§ IV.

Jérôme Cardan.

Cet Italien célèbre, qui toucha à toutes les questions[4] et qu'une vaste érudition, jointe à des talents très-distingués, n'a point préservé d'une accusation de folie, a dit quelques mots de la Cryptographie dans son ouvrage de la Subtilité; les voici d'après la vieille traduction française:

«Prenez deux peaux de parchemin de mesme grandeur et semblablement réglées et lignées; vous y ferez séparément des trous assez petits, mais toutefois de la grandeur et hauteur du corps que vous avez accoutumé faire vostre lettre: l'un de ces pertuis pourra tenir sept lettres, l'autre trois, l'autre huit ou dix, de sorte que tous les trous ou pertuis qu'aurez faits pourront tenir ensemble cent vingt caractères ou lettres.
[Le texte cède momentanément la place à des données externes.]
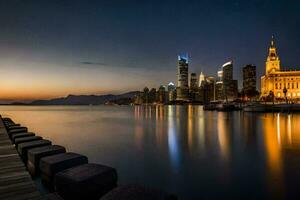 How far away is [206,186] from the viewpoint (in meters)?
12.7

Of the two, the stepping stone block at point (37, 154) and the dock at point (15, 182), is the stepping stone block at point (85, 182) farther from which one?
the stepping stone block at point (37, 154)

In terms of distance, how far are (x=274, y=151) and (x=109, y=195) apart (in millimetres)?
20390

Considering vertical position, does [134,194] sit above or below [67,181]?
above

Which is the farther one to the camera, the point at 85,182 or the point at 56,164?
the point at 56,164

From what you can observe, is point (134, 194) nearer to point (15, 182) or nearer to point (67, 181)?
point (67, 181)

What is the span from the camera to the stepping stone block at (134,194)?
5864mm

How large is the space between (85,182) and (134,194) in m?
2.12

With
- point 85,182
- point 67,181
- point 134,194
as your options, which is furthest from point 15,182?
point 134,194

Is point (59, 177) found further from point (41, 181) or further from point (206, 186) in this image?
point (206, 186)

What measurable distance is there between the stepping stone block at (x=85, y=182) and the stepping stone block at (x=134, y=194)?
1642 millimetres

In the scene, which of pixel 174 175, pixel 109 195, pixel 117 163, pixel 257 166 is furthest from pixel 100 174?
pixel 257 166

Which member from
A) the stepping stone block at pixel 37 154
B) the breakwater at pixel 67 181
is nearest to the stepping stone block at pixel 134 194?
the breakwater at pixel 67 181

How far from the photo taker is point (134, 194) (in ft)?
19.8

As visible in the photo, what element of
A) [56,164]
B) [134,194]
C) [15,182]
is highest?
[134,194] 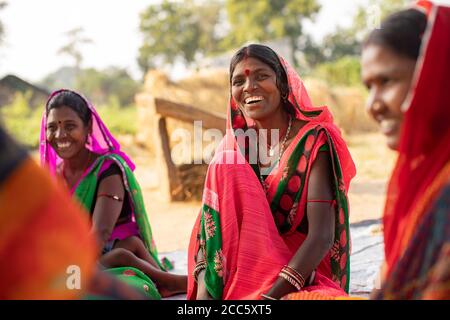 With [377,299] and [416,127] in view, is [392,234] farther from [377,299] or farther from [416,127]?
[416,127]

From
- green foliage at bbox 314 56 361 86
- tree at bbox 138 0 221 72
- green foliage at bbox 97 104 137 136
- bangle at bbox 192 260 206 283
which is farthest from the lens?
tree at bbox 138 0 221 72

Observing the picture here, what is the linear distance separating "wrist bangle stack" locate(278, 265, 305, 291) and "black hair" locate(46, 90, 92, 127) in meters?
1.82

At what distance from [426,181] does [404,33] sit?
42cm

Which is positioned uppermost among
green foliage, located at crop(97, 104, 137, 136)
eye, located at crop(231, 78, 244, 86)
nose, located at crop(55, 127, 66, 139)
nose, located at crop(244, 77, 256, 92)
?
green foliage, located at crop(97, 104, 137, 136)

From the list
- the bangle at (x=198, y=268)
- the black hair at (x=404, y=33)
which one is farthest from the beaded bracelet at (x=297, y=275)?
the black hair at (x=404, y=33)

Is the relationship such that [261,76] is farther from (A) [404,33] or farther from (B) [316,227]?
(A) [404,33]

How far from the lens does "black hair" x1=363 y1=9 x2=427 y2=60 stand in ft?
5.14

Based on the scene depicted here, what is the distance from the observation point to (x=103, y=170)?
3.64 meters

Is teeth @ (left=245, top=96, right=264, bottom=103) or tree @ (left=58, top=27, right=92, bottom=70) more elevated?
tree @ (left=58, top=27, right=92, bottom=70)

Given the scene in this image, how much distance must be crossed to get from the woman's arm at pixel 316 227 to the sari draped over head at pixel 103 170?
4.81 feet

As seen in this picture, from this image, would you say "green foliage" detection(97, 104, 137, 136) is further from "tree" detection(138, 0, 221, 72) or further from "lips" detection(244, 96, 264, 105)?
"lips" detection(244, 96, 264, 105)

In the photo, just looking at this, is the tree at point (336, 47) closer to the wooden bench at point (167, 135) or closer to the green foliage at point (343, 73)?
the green foliage at point (343, 73)

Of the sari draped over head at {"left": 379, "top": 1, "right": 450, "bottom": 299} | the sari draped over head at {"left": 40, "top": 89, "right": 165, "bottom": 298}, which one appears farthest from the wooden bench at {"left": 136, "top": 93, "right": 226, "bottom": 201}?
the sari draped over head at {"left": 379, "top": 1, "right": 450, "bottom": 299}

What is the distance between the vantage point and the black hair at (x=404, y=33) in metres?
1.57
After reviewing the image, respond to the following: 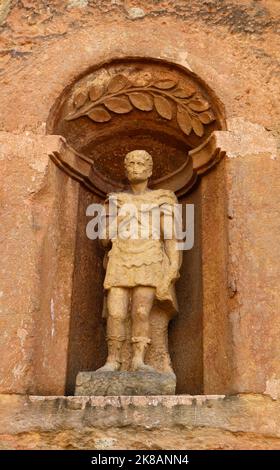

De ces deux peaux, vous donnerez l'une à celuy auquel vous désirez escrire, et vous retiendrez l'autre à vous; et, lorsque voudrez escrire le plus brief et succinct que vous pourrez, de sorte que vostre escriture n'excède pas ledit nombre de cent vingt caractères ou lettres: qui est tout ce que les espaces et pertuis susdits pourront comprendre. Et après, sur les pertuis, faits comme je l'ay dit, vous escrivez, au feuillet de papier qui est dessous, le sujet et sentence que voudrez; et, après, à un autre feuillet, et conséquemment au troisième. Cela estant fait, vous remplacez les espaces et distances qui demeureront vides, ainsi augmentant ou effaçant jusques à tant que vostre sentence et sujet apparoissent et se montrent. Vous accomplirez la seconde sentence au second feuillet de papier, faisant extrait en telle sorte, sur la première, qu'il semblera et apparoistra que les mots et paroles soient suivants et consécutifs l'un après l'autre. La troisième adapterez aussi à telle sorte et manière, que, sans aucune interruption ni intermission des premières lettres, l'ordre, la sentence, le nombre des paroles avec la grandeur se trouveront et apparoistront, retenant mesure, sujet et intelligence. Et après appliquerez, sur ce papier escrit en cette manière, le parchemin que pour cette cause vous aurez taillé et percé, faisant en tout et partout, aux extrémitez des trous ou perçures, de petits et subtils points, jusques à tant que le sujet et intelligence des lettres parviennent en la sorte que vous désirez les escrire. Et après, celuy à qui vous les enverrez, mettant sur elles son exemplaire percé (comme il est dit), entendra subitement et facilement la conception de vostre volonté.»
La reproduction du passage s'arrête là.